Ein Samstag in Sachsen-Anhalt
Ich freute mich auf die Freunde und auf ein entspanntes Wochenende. Da ahnte ich noch nicht, dass die Coronakrise mich und alle anderen wenige Tage später voll ins Herz treffen würde.
Wir reisten freitags nach Sankt Andreasberg (Niedersachsen) und bezogen unsere Hotelzimmer. Ein Rundgang durch den Ort war schnell erledigt. Er wirkte ziemlich verlassen. Ein Schwätzchen mit dem Metzger Namens Herr Jerusalem vor Ort offenbarte, dass wir gerade zur Unzeit da seien. Die Skisaison sei zu Ende – wobei die wegen Schneemangels im Winter ausgefallen war – und die Wandersaison noch nicht gestartet.
Abends gönnten wir uns ein exzellentes Essen im Speiserestaurant Fischer. Der Name klang unspektakulär, aber die Küche verdient ein Lob, Anerkennung und eine Erwähnung. Hoffentlich übersteht das Restaurant die Krise.
What to do at Saturday? war die Frage und die Entscheidung war schnell gefällt. Wir würden den höchsten Berg Norddeutschlands erklimmen, den Brocken. Bereits als Kind wäre ich gerne dort oben gewesen, aber in DDR-Zeiten war das absolutes Sperrgebiet. Man konnte die majestätische Kuppe nur von unten bewundern.
Parken und Wandern
Nach einer frostigen Nacht und einem stärkenden Frühstück fuhren wir nach Schierke. Vorbei an einer großen, überdachten Freiluft-Eisarena. Sowas habe ich noch nicht gesehen. Wir stellten unser Auto im Parkhaus “Am Winterbergtor” ab. Kostenlose Parkmöglichkeiten gibt es in Schierke nicht. Es stehen auch überall Warnhinweise, dass die Autos entfernt werden. Das Parkhaus kostet pro Stunde € 1,- und max. € 8,- pro Tag.

Es war ziemlich kalt, dafür aber sonnig. Wir hatten uns warm eingepackt und Mütze und Handschuhe dabei. Nur noch schnell die Wanderschuhe an und dann ging es los, vorbei an der Jugendherberge zur Brockenstrasse.

Bei diesem Wetter und dem wolkenlosen, azurblauen Himmel waren wir nicht allein auf die Idee gekommen, den Gipfel zu stürmen. Doch bereits nach wenigen Metern konnte man entscheiden, ob man weiter auf der breiten, geteerten Straße oder den Kraxelpfad mit Schneematsch nehmen wollte. Die Mehrheit der Wanderer entschied sich für den Naturpfad, wir für die “Seniorenvariante” – die Straße.
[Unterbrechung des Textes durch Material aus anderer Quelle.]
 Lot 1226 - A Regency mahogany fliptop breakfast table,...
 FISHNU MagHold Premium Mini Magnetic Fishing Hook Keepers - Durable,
Eine gute Entscheidung, da wir nun fast allein unterwegs waren.

Erschrocken war ich über den Wald bzw. das, was davon noch übrig war. Die Bäume sahen alle stark angegriffen aus. Weite Felder lagen brach. Teilweise ragten tote Stümpfe in den Himmel. Das hatte ich mir anders vorgestellt.

Allerdings war es schön endlich Schnee und Eis zu sehen. Im vergangenen Winter hatte es nicht einmal bei uns geschneit. Es gab auch nur eine Handvoll Tage mit Minustemperaturen.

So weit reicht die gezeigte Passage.